◆ Exercise requirements ◆
Pictures must be left out. Retype exactly the lines from the one containing "Image similar to" through the last line of the records below.

Scraped caption text data
· · · · · · ·

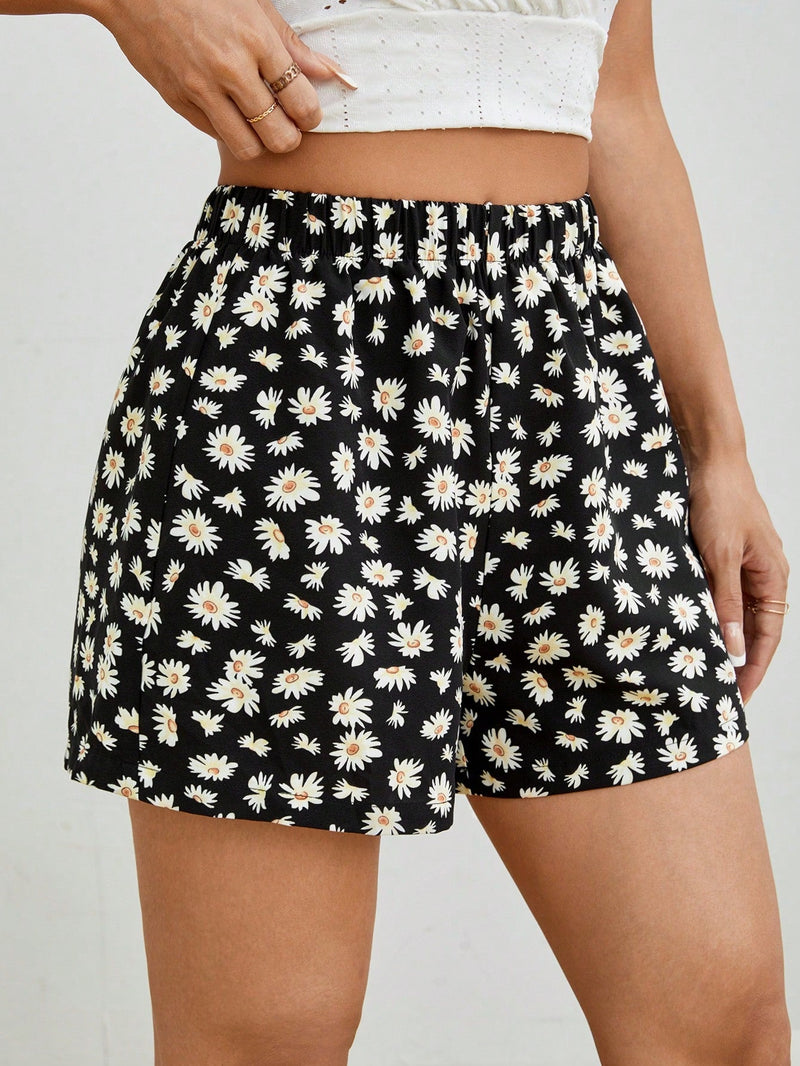 PETITE Shorts casuales de pierna ancha con estampado de margaritas para verano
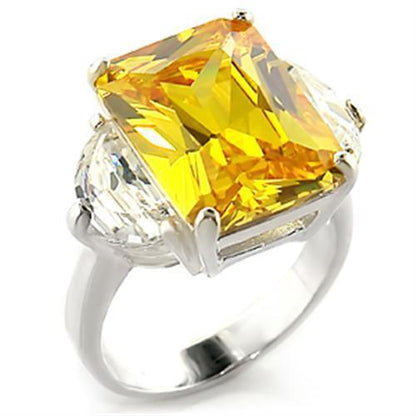 LOAS828 - High-Polished 925 Sterling Silver Ring with AAA Grade CZ  in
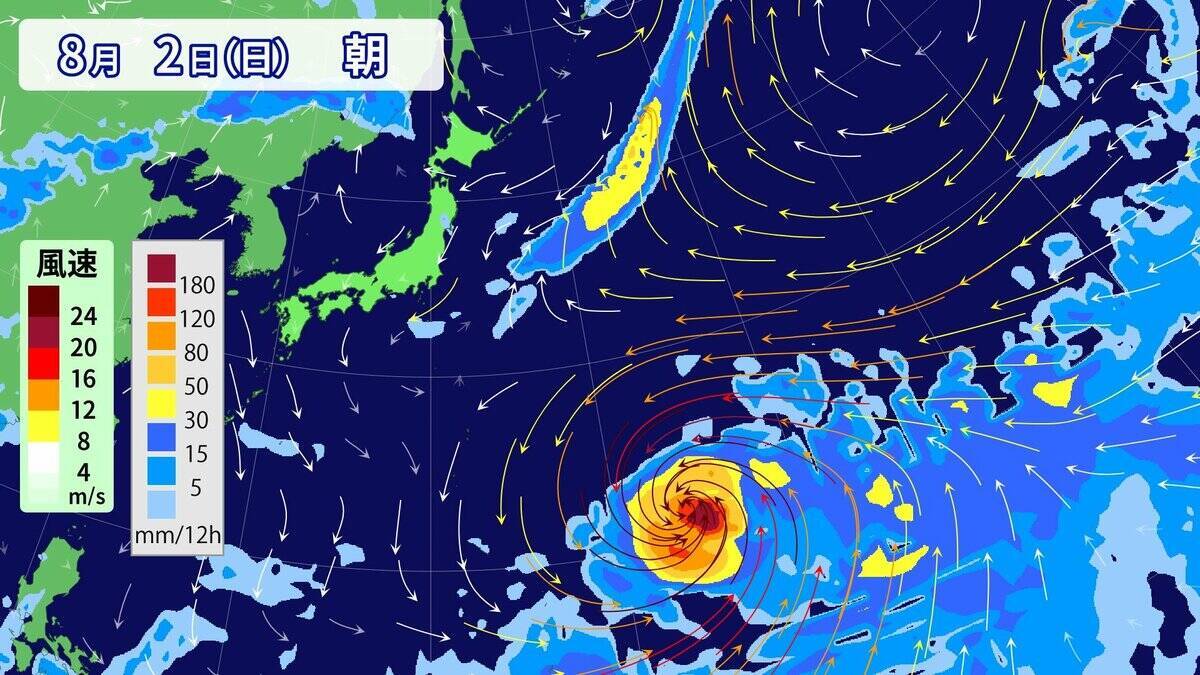 台風13号 8月上旬にかけて日本へ接近おそれ 今後“猛烈な”勢力に発達予想 ｢ドルフィン｣ の進路は？雨･風シミュレーション【台風情報】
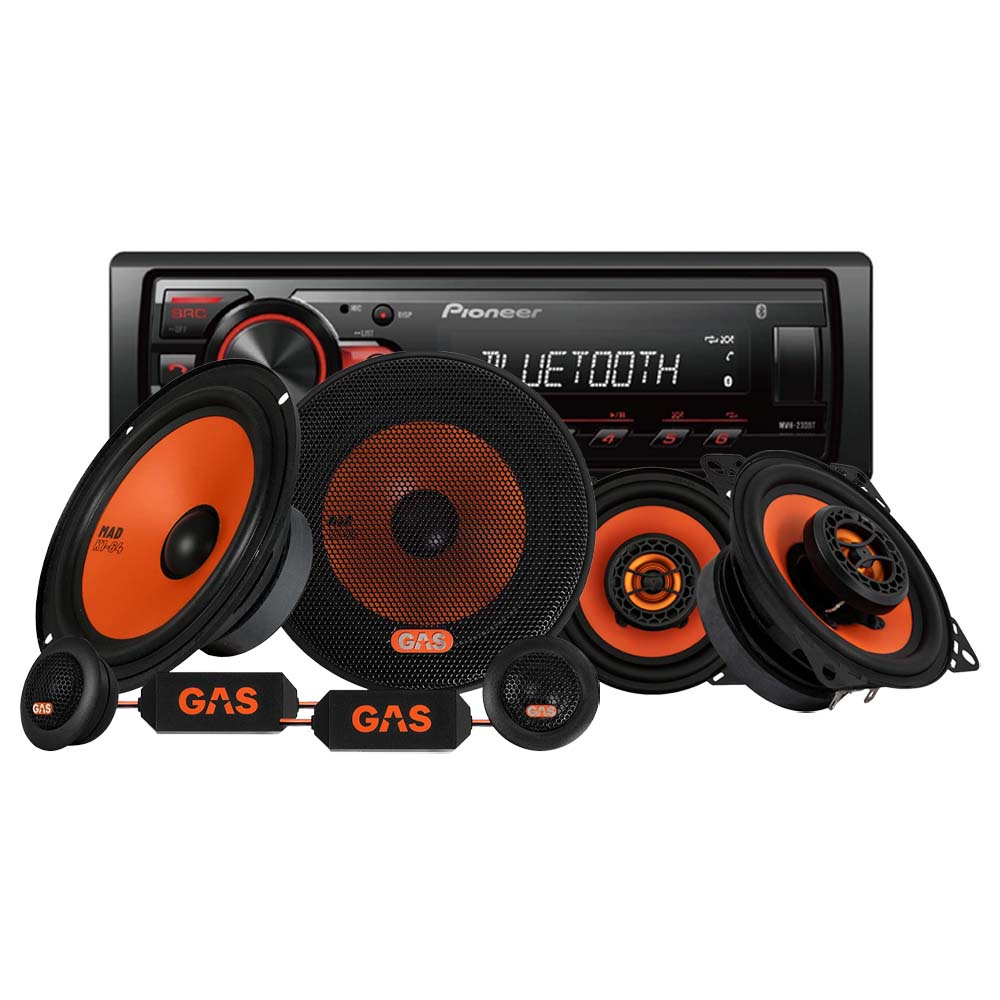 Pioneer MVH-230BT & GAS MAD K1 Front- und Hecksystem, Autoradio-Set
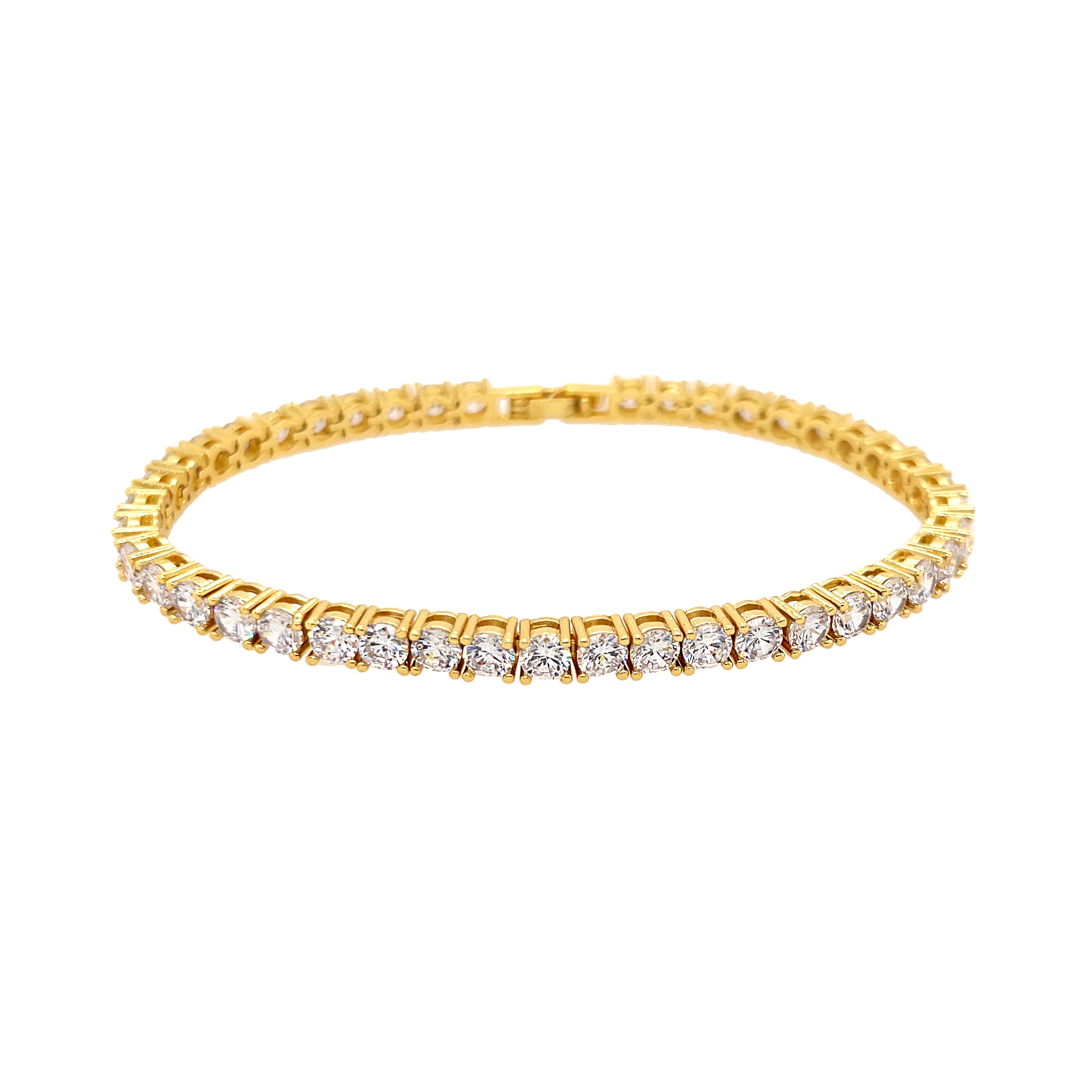 Flexible Yellow Gold Plated CZ Tennis Bracelet – Jennifer Miller Jewelry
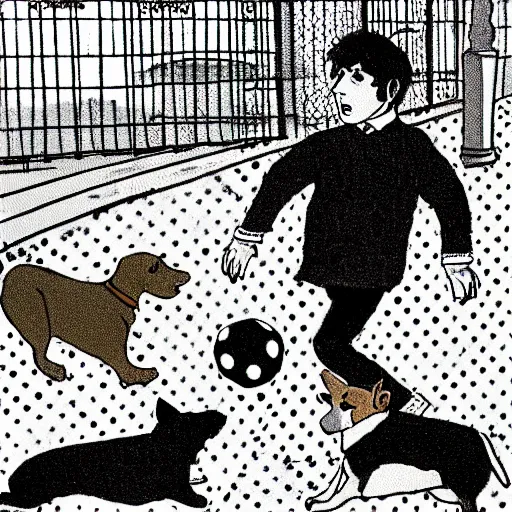 Image similar to illustration of french boy on the streets of paris playing football against a corgi, the dog is wearing a polka dot scarf, comic, 1 9 7 2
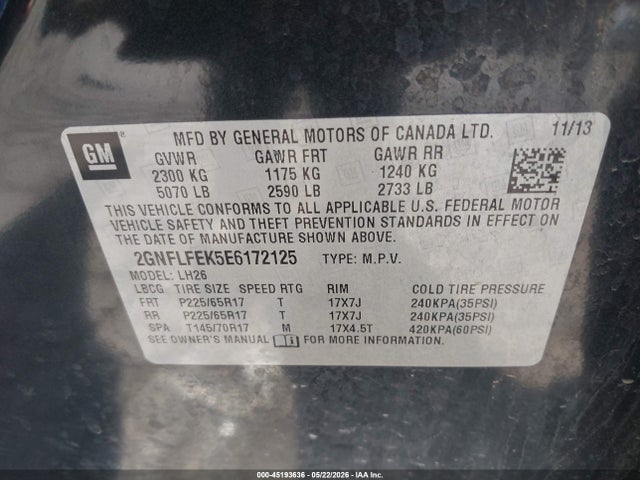 2GNFLFEK5E6172125 Chevrolet EQUINOX 1LT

· · · · · · ·

◆ Written response ◆
 Image similar to illustration of french boy on the streets of paris playing football against a corgi, the dog is wearing a polka dot scarf, comic, 1 9 7 2
 2GNFLFEK5E6172125 Chevrolet EQUINOX 1LT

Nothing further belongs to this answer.